My morning commute to work can be a daunting endeavor. It's a mere 6 block walk, taking 10 minutes at the most. A hop, skip, and a jump, I know. But for good reason, my fair city of Seattle has earned the nickname "Rain City". Through this endless drip I drag myself each day, coffee taking grip and prep lists forming in my waking brain. I often think, "I don't remember there being this much rain last year."
Just when I begin to think about packing my things and moving to a sunnier climate, the skies open a bit, and spring begins to spring. Light spills out of the sky, illuminating lush new growth, and teasing blossoms out of dry branches. My morning commute becomes a delight, walking down residential streets lined with trees in bloom.
As I enter the door to the kitchen, these blossoms fresh in mind, I can't help but bring spring inspiration to my menu. While flowers themselves haven't made their way into my desserts, one tart, made of apples, blooms.
To recreate this tart is simpler than it appears. The apples are halved, cored, and sliced thinly. The slices remain stiff, but soften after sitting an hour in a coating of sugar and spice. The juices are drained, and the soft petals of apple in concentric circles starting from the outside, working in. The juices are cooked into a syrup, mounted with butter, and brushed over the top before baking.
As the tart is sliced, warmed, and served aside burnt sugar icecream and salted creme fraiche caramels, the blossom is lost to the eye. It would surely bring spring into the dining room, alas, it's a joy I'll have to keep for myself... and my faithful readers.
Apple Blossom Tart
1 blind baked tart shell
7 tart apples
1/3 cup sugar
1/3 cup brown sugar
1 tsp cinnamon
1/2 tsp nutmeg
1/2 tsp salt
2 tbsp butter
1 tbsp cornstarch
1. Peel, core, and slice the apples just under 1/8th an inch thick.
2. In a small bowl combine the sugar, brown sugar, cinnamon, nutmeg, and salt. Use your fingers to mix the ingredients together, making sure to break up all the brown sugar lumps.
3. Sprinkle the sugar over the apples and very lightly toss the apples, making sure not to break them up. If the apples are too stiff, and are beginning to crack, let the mixture sit 10 minutes before trying to toss again. The apples should be a little softer, and a little more forgiving. Let the apples sit for an hour.
4. In the mean time, I prepare the crust. I use a pie dough baked in a tart shell, but a pie crust baked in a shallow pie pan works just as well. Any crust recipe you are familiar with will work here. Roll the crust and transfer to your pan. Trim the sides 1/2 inch larger than the sides of the pan. With fingers moistened with water, wet the outer 1/4 inch of the pie crust. Fold the edge of the pie crust over enough so the fold is even with the top of the pan. Press the dough to adhere. Chill the crust for 20 minutes. With a fork, prick the surface of the crust in 1 inch intervals. Line the crust with foil and fill with pie weights, or a good amount of dried beans. Prebake the crust for 20 minutes with pie weights at 425 degrees, then remove the foil and pie weights, and bake for an additional 10 minutes, until the surface is light golden and looks baked. This blind baking ensures the crust will be cooked through after the moist apple filling is added.

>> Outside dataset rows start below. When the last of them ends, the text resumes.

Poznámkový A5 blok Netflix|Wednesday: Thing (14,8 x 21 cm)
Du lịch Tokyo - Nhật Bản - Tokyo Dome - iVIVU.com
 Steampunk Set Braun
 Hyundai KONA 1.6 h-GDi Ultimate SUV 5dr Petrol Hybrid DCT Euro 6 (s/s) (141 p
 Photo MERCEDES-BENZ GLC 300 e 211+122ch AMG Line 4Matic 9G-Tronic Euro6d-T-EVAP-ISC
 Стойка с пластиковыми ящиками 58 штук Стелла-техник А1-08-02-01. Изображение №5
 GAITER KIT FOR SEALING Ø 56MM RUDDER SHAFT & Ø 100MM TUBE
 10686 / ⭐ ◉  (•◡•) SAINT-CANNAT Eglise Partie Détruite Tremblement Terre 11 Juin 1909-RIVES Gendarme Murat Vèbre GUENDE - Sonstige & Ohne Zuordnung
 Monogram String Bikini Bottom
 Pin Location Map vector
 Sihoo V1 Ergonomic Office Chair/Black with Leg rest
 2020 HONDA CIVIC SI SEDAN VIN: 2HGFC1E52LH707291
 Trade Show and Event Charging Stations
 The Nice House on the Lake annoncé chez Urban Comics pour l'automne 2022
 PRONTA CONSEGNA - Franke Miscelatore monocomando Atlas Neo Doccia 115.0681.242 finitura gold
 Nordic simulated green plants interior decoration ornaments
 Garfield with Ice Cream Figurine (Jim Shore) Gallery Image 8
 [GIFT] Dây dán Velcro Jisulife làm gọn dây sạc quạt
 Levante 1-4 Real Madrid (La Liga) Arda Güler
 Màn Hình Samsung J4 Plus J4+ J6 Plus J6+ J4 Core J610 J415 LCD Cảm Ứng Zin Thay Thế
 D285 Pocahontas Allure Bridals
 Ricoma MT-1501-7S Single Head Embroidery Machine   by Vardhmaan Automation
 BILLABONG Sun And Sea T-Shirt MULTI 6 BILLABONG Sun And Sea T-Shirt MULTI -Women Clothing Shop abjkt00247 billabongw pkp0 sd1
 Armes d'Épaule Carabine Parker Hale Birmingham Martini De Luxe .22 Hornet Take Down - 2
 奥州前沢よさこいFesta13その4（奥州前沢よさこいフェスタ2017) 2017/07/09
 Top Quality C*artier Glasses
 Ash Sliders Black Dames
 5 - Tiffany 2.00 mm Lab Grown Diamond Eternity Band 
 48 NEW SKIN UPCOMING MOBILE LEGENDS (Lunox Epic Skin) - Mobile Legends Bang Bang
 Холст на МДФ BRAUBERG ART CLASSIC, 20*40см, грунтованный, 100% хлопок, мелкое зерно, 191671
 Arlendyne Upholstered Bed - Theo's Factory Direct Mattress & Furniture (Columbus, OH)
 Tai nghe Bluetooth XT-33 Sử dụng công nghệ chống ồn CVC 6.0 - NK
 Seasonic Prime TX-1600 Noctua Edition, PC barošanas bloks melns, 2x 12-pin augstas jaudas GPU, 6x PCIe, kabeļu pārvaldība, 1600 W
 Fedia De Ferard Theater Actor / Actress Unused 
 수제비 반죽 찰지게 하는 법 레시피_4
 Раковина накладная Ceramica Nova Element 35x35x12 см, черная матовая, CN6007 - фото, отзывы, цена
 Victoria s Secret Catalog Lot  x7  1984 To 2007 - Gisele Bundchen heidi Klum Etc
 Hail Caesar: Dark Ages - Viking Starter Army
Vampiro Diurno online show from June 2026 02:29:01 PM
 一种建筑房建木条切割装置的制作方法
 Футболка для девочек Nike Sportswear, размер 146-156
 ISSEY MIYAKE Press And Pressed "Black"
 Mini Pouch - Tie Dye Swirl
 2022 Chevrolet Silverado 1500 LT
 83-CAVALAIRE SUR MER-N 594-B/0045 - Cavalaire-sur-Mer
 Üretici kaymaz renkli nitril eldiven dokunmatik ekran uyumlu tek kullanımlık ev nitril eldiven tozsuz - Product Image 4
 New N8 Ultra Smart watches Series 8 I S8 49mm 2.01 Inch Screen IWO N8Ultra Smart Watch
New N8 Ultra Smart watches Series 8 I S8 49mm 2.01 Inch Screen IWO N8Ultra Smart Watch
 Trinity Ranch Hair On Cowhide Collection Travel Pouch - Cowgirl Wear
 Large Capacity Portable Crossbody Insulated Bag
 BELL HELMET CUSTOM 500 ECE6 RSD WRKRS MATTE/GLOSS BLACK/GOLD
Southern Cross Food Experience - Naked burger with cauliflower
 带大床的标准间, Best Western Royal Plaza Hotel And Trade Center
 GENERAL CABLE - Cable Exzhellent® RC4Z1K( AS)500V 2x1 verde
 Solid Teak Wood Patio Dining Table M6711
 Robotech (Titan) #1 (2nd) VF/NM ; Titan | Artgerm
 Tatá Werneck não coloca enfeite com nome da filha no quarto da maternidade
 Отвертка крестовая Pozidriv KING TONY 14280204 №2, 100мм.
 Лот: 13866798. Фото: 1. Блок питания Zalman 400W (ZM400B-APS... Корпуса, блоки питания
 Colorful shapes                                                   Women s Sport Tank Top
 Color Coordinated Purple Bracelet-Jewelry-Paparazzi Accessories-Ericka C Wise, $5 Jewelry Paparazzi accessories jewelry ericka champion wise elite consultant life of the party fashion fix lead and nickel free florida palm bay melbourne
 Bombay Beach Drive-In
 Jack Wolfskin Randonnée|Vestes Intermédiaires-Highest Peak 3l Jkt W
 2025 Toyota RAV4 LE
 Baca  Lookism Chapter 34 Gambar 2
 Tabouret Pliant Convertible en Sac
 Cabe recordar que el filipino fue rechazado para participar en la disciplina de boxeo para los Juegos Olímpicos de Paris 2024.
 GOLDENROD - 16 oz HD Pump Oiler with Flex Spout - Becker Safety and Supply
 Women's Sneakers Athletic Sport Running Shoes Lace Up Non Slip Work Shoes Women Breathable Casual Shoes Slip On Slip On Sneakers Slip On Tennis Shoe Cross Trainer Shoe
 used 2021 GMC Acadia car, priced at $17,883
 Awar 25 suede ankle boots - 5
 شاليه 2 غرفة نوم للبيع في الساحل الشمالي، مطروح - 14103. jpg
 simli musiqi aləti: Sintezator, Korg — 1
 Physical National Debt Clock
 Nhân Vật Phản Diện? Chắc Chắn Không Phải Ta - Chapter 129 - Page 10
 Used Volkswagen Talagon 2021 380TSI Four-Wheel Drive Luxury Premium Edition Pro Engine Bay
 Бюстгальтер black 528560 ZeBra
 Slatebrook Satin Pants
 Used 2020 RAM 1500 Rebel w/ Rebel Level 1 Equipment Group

5. Strain the juices from the apples and set aside in a small sauce pan. Sprinkle the cornstarch over the apples and toss them enough to distribute the cornstarch evenly.
6. Begin layering the apples, side by side, against the outer edge of the shell. Continue to lay them side by side, working around in concentric circles, filling the tart from the outside in.
7. When the tart is filled with apples, place the saucepan with the juices over a medium heat. Cook until the liquid is reduced by half and becomes bubbly and syrupy. Remove the pan from the heat, and add the 2 tbsp butter. Stir until the butter is melted and combined.
8. With a pastry brush, cover the apple tart evenly with the syrup, using a blotting motion. A stroke motion will dislodge the apple slices.
9. Cover the tart snugly in sheet of foil. Cut steam vents in the foil, and bake the tart at 375 for 45 minutes. After this time, remove the foil and check to see if the apples are cooked through. With the tip of a knife, check the inner apples, as they are the slowest to cook. If the apples need more time, replace the foil and bake for 15 more minutes. Check again and add time as necessary.
10. Let the tart cool at room temperature for at least 1 hour so the juices can set.
11. When the tart is cool enough to touch, press the apples lightly towards the outside to create the blossom effect.
12. When cutting the tart, use a serrated knife and use knife strokes that pull towards the crust. A knife stroke pushed towards the center will dislodge all the apples on either side of the knife.